San Agustín nos narra su experiencia en capítulo XV de su tratado "De Trinitate": "Fijé mi atención en esta regla de fe; te he buscado según mis fuerzas y en la medida en que Tú me hiciste poder, y anhelé ver con mi inteligencia lo que creía mi fe, y disputé y me afané en demasía. Señor y Dios mío, mi única esperanza, óyeme para que no sucumba al desaliento y deje de buscarte; ansíe siempre tu rostro con ardor. Dame fuerzas para la búsqueda, tú que hiciste que te encontrara y me has dado la esperanza de un conocimiento más perfecto. Ante ti está mi firmeza y mi debilidad; sana ésta, conserva aquélla. Ante ti está mi ciencia y mi ignorancia; si me abres, recibe al que entra; si me cierras, abre al que llama. Haz que me acuerde de ti, te comprenda y te ame. Acrecienta en mí estos dones hasta la reforma completa"

            En un verso de singular profundidad, en el que dialogan el alma y Dios, escribe Santa Teresa de Jesús:
                       
Y si acaso no supieres
                        dónde me hallarás en Mí,
                        no andes de aquí para allí,
                        sino si hallarme quisieres
                        A Mí has de buscarme en ti.

El poeta Leopoldo Panero, ante el misterio se pregunta:

                        "Ahora que la noche es tan pura y que no hay nadie más que Tú,

                        dime quién eres.

                        Dime quién eres y qué agua tan limpia tiembla en toda mi alma;

                        Dime quién soy yo también;

                        Dime quién eres y porqué me visitas,

                        Por qué bajas a mí, que estoy tan necesitado,

                        Y por qué te separas sin decirme Tu nombre,

                        Ahora que la noche es tan pura y que no hay nadie más que Tú..."

 

¿Quién eres Tú, Dios mío?. La Palabra nos recuerda hoy que Dios se revela como Trinidad y nos llama a una intimidad inimaginable para el hombre: llegar a formar parte de su Vida, de su Misterio de Amor. Por el Bautismo hemos recibido un espíritu no  de esclavitud para recaer en el temor, sino de hijos adoptivos  y de hermanos.  Somos con toda verdad "hijos de Dios", somos "herederos de Dios" de sus bienes, de su amor y misericordia.  Esta es nuestra nueva condición humana; nuestra vida marcada por la dignidad soberana de la libertad que nos hace llamar al mismo  Dios: "Abba" (Padre querido).

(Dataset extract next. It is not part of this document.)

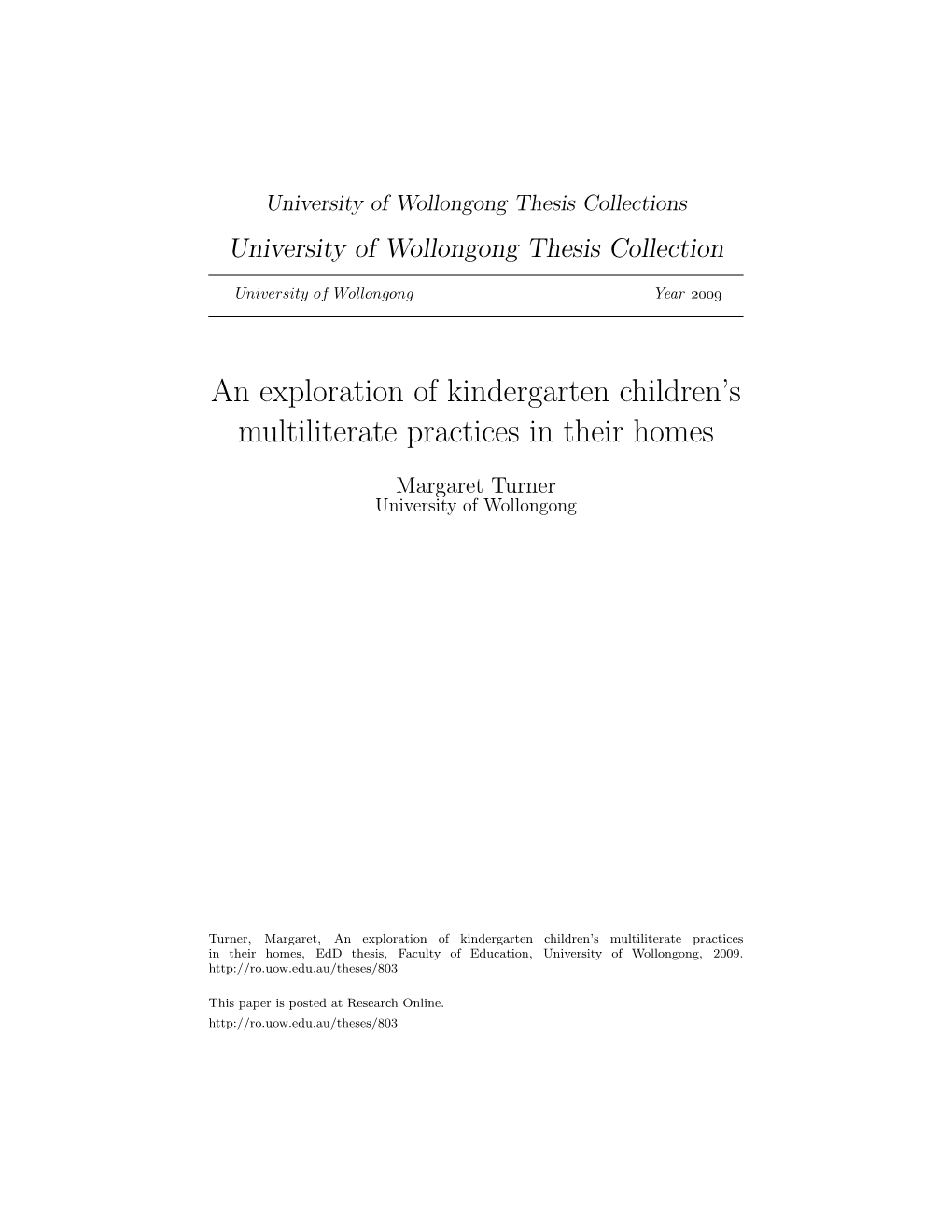 An Exploration of Kindergarten Children's Multiliterate Practices In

En Cristo, la Palabra hecha carne, se nos manifiesta cuál es el nombre de Dios  y, al mismo tiempo, se nos muestra la vocación humana: la comunión. Una comunión que en Dios es Plenitud (Padre, Hijo y Espíritu) y en nosotros aspiración, búsqueda... Por eso nuestra vocación es la santidad en medio del mundo y por eso debemos predicar y enseñar lo que vivimos y experimentamos. Dios quiere que todos los hombres se salven y lleguen al conocimiento de la verdad,  a vivir la experiencia de su amor. No de un amor de poesía o irreal, sino un amor actual, concreto, hecho obras. Un amor que se experimenta en la vida diaria, en el sufrimiento, en la entrega al prójimo, en los momentos más obscuros de la vida. Dios se revela como único y, al mismo tiempo, como Padre de misericordia que ha puesto en nosotros el Espíritu de su Hijo. "Y sabed que yo estoy con vosotros todos los días hasta el fin del mundo". Que así sea con la Gracia de Dios.